Maroufatou KAKPO & Anatole SINKIN (Stgs.)

Le système éducatif béninois va mal, et ce n’est plus un secret à quiconque. C’est dans cette optique que le garde des sceaux, Joseph Djogbénou, lors de son passage à Parakou, a tenu à rencontrer les populations de Parakou et les acteurs éducatifs de la ville. Avant tout propos, il a fait part des points forts sur lesquels le gouvernement se base pour agir. On peut citer entre autres la satisfaction des besoins du plus grand nombre, la réalisation de plusieurs projets entrant dans la lutte contre le chômage des jeunes. Il a profité de l’occasion pour évoquer les maux qui minent la jeunesse béninoise et dont l’ampleur mettrait le Bénin en feu. «Tant que le grand nombre ne sera pas satisfait, le Bénin serait en feu» a-t-il affirmé. Il a par la même occasion confié à la population en entrant dans le cadre des revendications des enseignants que le gouvernement tire l’essentiel de ces ressources des impôts, invitant les populations à remplir leurs devoirs fiscaux. Il a rassuré la population sur la bonne volonté du président Patrice Talon et de son gouvernement à trouver un terrain d’entente favorable à tous les acteurs impliqués. Comme l’a expliqué Joseph Djogbenou le gouvernement est ouvert au dialogue.

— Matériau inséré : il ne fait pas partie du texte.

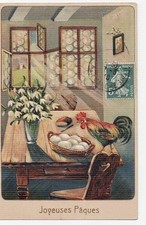 CPA Fantaisie JOYEUSES PAQUES Coq sur Table & Oeufs. Vase avec PERCE-NEIGE 1910
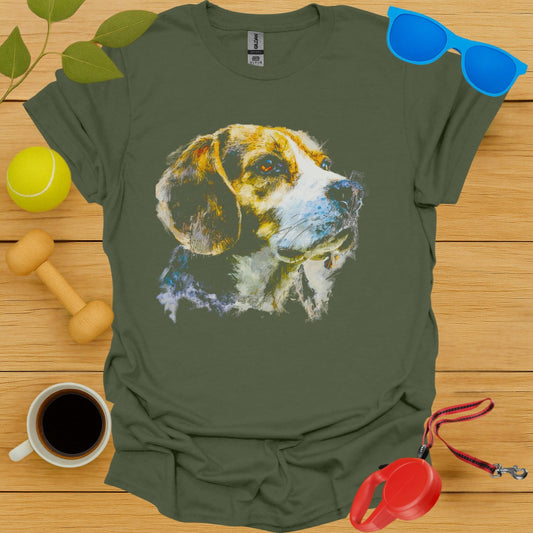 Artistic Dog Print Graphic Green T-Shirt product type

Entrant dans le vif de la séance, une dizaine de participants ont porté à haute voix, à l’endroit du ministre, représentant du gouvernement, leurs préoccupations sur les maux qui minent l’éducation et même la santé. A leurs inquiétudes, le garde des sceaux a rassuré et affirmé que l’année sera validée. «L’année ne sera pas blanche, l’année sera bien validée » a t il confirmé. Il ressort des propos du ministre Djogbenou que l’État bien que prêt à satisfaire les désirs des enseignants se trouve freiné par le manque de moyens financiers. Il est convaincu que le gouvernement et les syndicats parviendront à des solutions appropriées pour la survie de l’école béninoise. Quand aux préoccupations de la santé il a expliqué que la baisse du budget dont souffre le Chud borgou-alibori est due au collectif budgétaire du gouvernement appliqué dans toutes les structures publiques.
L’éducation étant la clé de réussite de toute nation, le gouvernement béninois est déterminé à poursuivre les négociations avec les syndicats afin que les écoliers et élèves reprennent les classes et confirment cette phrase de Victor Hugo, «chaque enfant qu’on enseigne est un homme qu’on gagne ».